Question sur la différence entre la jouissance et la chose

Solange Faladé :
Qu’il y ait de la jouissance auprès de la Chose sûrement. Mais cette jouissance dans laquelle baigne le petit d’homme, cette jouissance doit être négativée. J’ai commencé par ça… il faut mettre déjà en place la nécessité pour qu’il y ait prise de parole, que la jouissance soit négativée. Mais le sujet sera en relation avec cette zone où la jouissance est. Mais c’est une zone bien délimitée, c’est une zone qui sera délimitée par tous les signifiants qui vont graviter autour d’elle. Mais c’est une zone, et cette zone du fait que là où on pensait trouver l’objet, là où on pensait, où on croyait qu’était venue la jouissance première, enfin ce qui avait porté satisfaction, eh bien, il y a rien, il y a un manque, il y a un vide et c’est autour de ce vide avec de ce que de jouissance sera accroché à ce vide qu’on aura affaire. C’est volontairement que j’ai voulu commencer par la négativation de la jouissance avec la mise en place de cette deuxième ligne, avec ce qu’il y aura des restes de jouissance. J’ai commencé par cela avant de parler de la Chose. C’est pas toujours facile de bien délimiter et pourtant du moment qu’il y a des noms, ce n’est pas tout à fait la même chose. Même si Lacan met en place l’objet a, la Chose reste la Chose et même si, à un moment, on retrouve quelque part l’a-chose écrit comme ça, la Chose, et la jouissance y est attachée, et la relation qu’on a avec cette jouissance peut être, nous dit Lacan, de l’ordre de la …inaudible… mais surtout quand amour/haine vient a être aux alentours.

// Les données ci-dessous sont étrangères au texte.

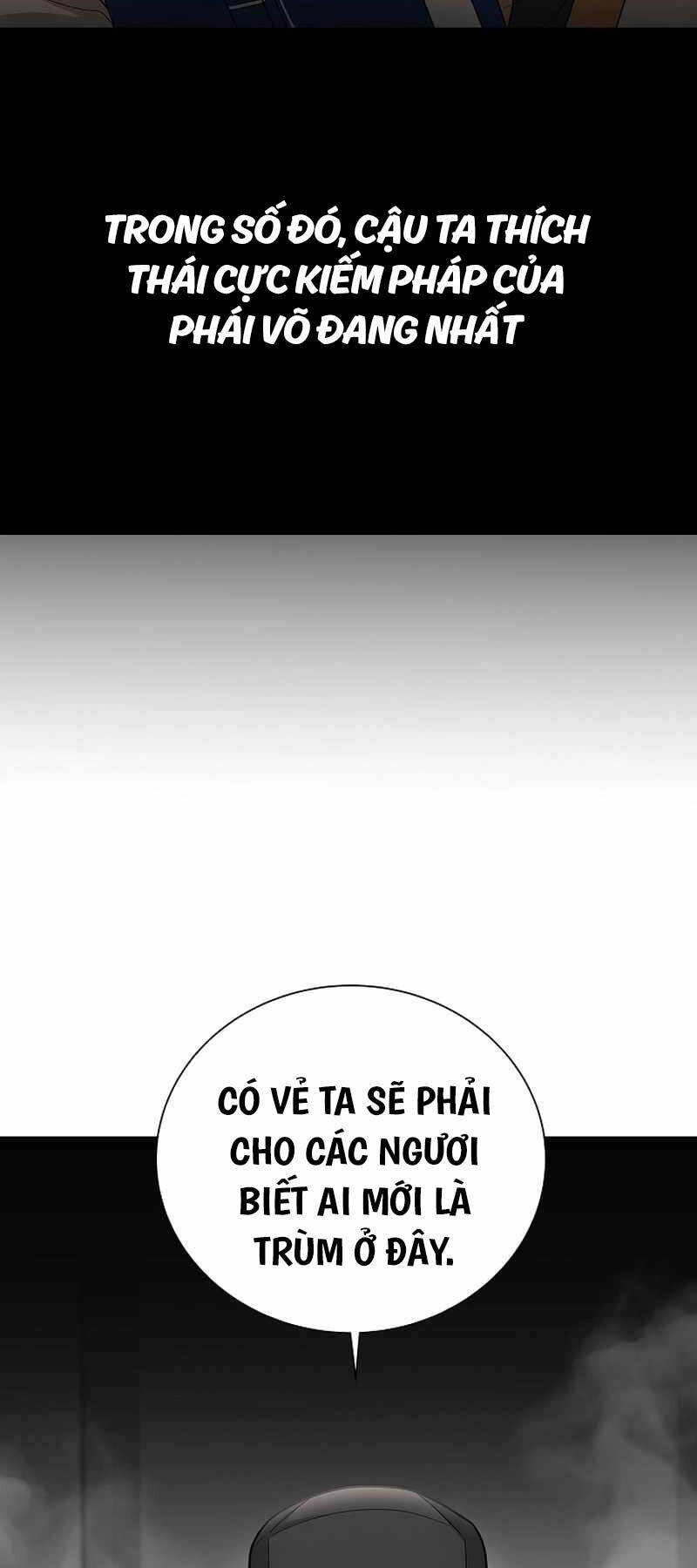 Thiên Ma Không Muốn Thăng Cấp Chapter 39 - 4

C’est pas facile, je vais lentement, et pourtant il faut nous habituer à traiter avec cela puisque ce n’est pas uniquement de la théorie, croyez-moi nous avons affaire à cela quand les barrières qui délimitent ce vide viennent à tomber, croyez-moi que la vie est difficile à vivre pour celui-là qui a à supporter cela, quand cet atome amour/haine vient aux alentours, que les protagonistes, les deux sujets, se retrouvent là confrontés avec cette Chose, avec cette jouissance, mais d’une façon telle que ça devienne insupportable, ce n’est pas non plus facile… Surtout que on ne peut pas dire que c’est mauvais pour soi. L’amer, lorsqu’on porte de l’amer à sa bouche, on dit « pouah !, c’est pas bon pour moi » tandis que là, non, aucun jugement n’a été porté. Et les personnes sont confrontées avec ça, la vie est difficile mais, comme on ne dira pas que c’était mauvais, le mauvais ne peut pas se dire puisque aucun jugement n’a été porté. Il y a bien cette jouissance avec laquelle on vit et, en même temps, c’est une vie difficile. Si on pouvait dire « c’est mauvais » on laisserait, on ferait comme l’enfant, on l’expulserait et on n’y reviendrait pas. Si on y revenait, ce serait plus de la même façon, ce serait « c’est peut-être quelque chose de bon pour moi » comme dit Lacan du livre XI, mais là ça ne se dit pas, ça ne peut pas se dire que cet insupportable est là avec tout ce qu’il y a d’imprévisible.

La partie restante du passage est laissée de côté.